The fact that none of these changes are permanent is a big plus because if you don’t like the results later on you can come back and readjust them.
Having dealt with the overall image I’ll now turn my attention to parts of it. Here there are three areas in particular – the hut and bottom right of the image, the bottom left and the sky.
Starting with the hut I’ll drag the Graduated filter in from the bottom right of the image. Then I’ll bring some detail out in that area by adjusting Brightness, Exposure and Clarity.
The sky is treated the same way as the hut. This time the Graduated Filter is dragged down from the top. Then I decreased Exposure and Brightness to reveal the detail in the clouds. I added some Contrast and Clarity and a hint of dull yellow color.
In the bottom left of the image another Graduated Filter adjustment fine tunes this area of the image and adds a hint of dirty yellow color. Reducing both Sharpness and Clarity softens the details here.
At this point I might consider adding a second Graduated Filter over the top of this one to again reduce Clarity to soften the details even more. The Graduated Filter can be used cumulatively so adding one on top of the other enhances the effect.
Once I’ve finished with the Graduated Filter, I will return to the Basic panel and fine tune the settings there. Here I adjusted the Brightness and Fill Light to lighten the image a little.
At this point I cropped the image to remove some excess detail from the bottom and right edges to focus interest more in the water and the hut.
To finish, I used the Adjustment Brush on the plastic crates. By painting over them with the brush and reducing the Exposure slightly they are made a little less distracting.
At any time I can revisit any of the changes I have made including those applied with a Gradient Filter or the Adjustment Brush and adjust the settings if desired.
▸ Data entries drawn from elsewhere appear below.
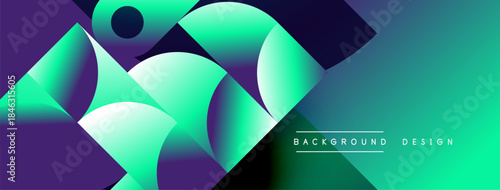 Abstract geometric shapes blend vibrant purple, turquoise hues. Modern design evokes fluid motion, dynamic composition. Background features gradient effect.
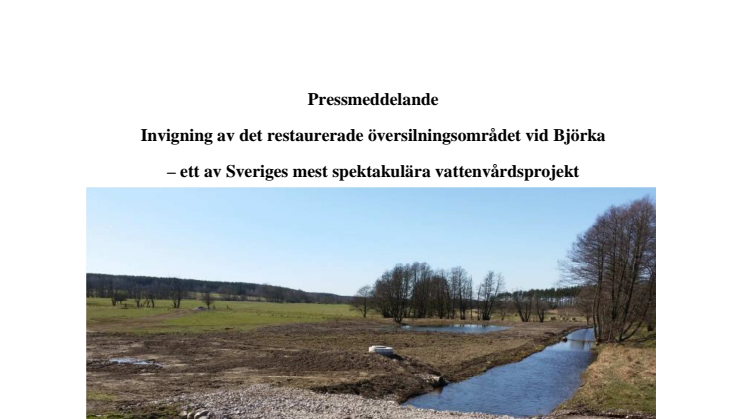 Invigning av det restaurerade översilningsområdet vid Björka
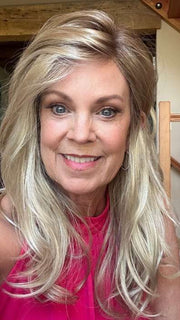 Susan @an_affair_with_hair wearing ARROW by ELLEN WILLE in color CHAMPAGNE ROOTED | Light Beige Blonde, Medium Honey Blonde, and Platinum Blonde blend with Dark Roots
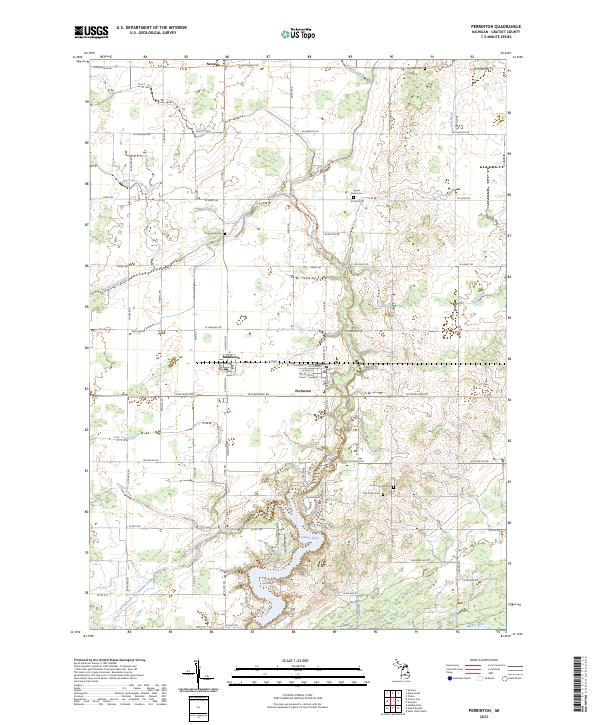 Perrinton, MI — USGS 7.5-minute topo (2023)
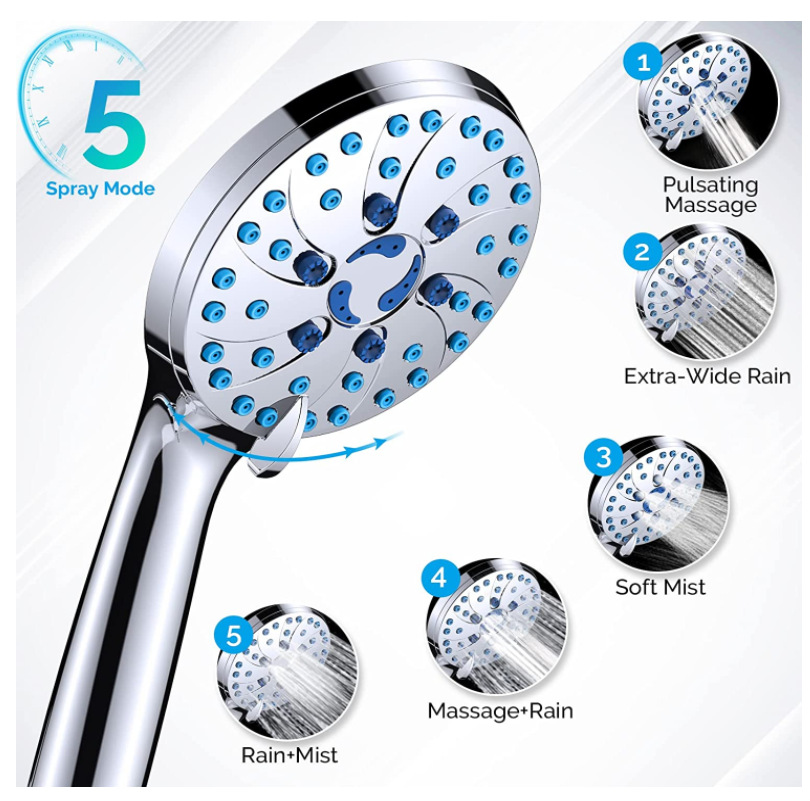 Cross-border shower head set with spray gun, 8-inch, 10-inch and 12-inch top-spray pressurized shower head set combination Application Scenario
Not every image will lend itself to this treatment but many will. You should note too that here I was working on a jpg image and because of the in camera processing applied to jpg images and the fact that much of the data that the camera captures is discarded in the process of saving an image as a jpg, the scope for adjusting this image was significantly less than would have been the case if I had the image captured as a raw file.
March 10, 2011 01:46 pm
Since I read and follow your articles on L3, I have more and more saved pictures. Before I saved 1-2% from a shooting and since L3 and you got on my work habits...I'm saving 20-30% of the shots.
Still on the learning process and get this L3 to work for me...
Thank you for sharing your experience and knowledge with us.
March 8, 2011 01:45 am
Great information, thanks! Been using the trial of Lightroom for a couple of weeks now and was undecided if I wanted to keep using it once my trial is over. I really like some of the tools in it and all of your guides have been very useful.
I particularly like the saturation picker. Click on part of the photo and increase/decrease the saturdation of associated colour(s). Great for making an object stand out!
August 26, 2010 08:07 pm
enjoyable as usual, man pliz, pliz help i take pictures of cars during the day using Sony@350 or @200 please tell me how my settings should be everything from white balancing,aperture, shutterspeed, P, M. Auto or what help me out i look up to you and your readers
August 26, 2010 12:06 am
@elizabeth halford - Hi there!
The Graduated filter only works from the edges of the image inwards so it has to start at an edge somewhere - similar to how a graduated filter would work on the camera. So, you can't remove areas from the edge per se. However, you can use the Adjustment Brush to paint over the areas to remove from the Graduated Filter's effect and set the Adjustment Brush settings to counteract the effect of the graduated filter. So, if your Graduated Filter adds Brightness then set the Adjustment Brush to remove Brightness so the nett result is no change.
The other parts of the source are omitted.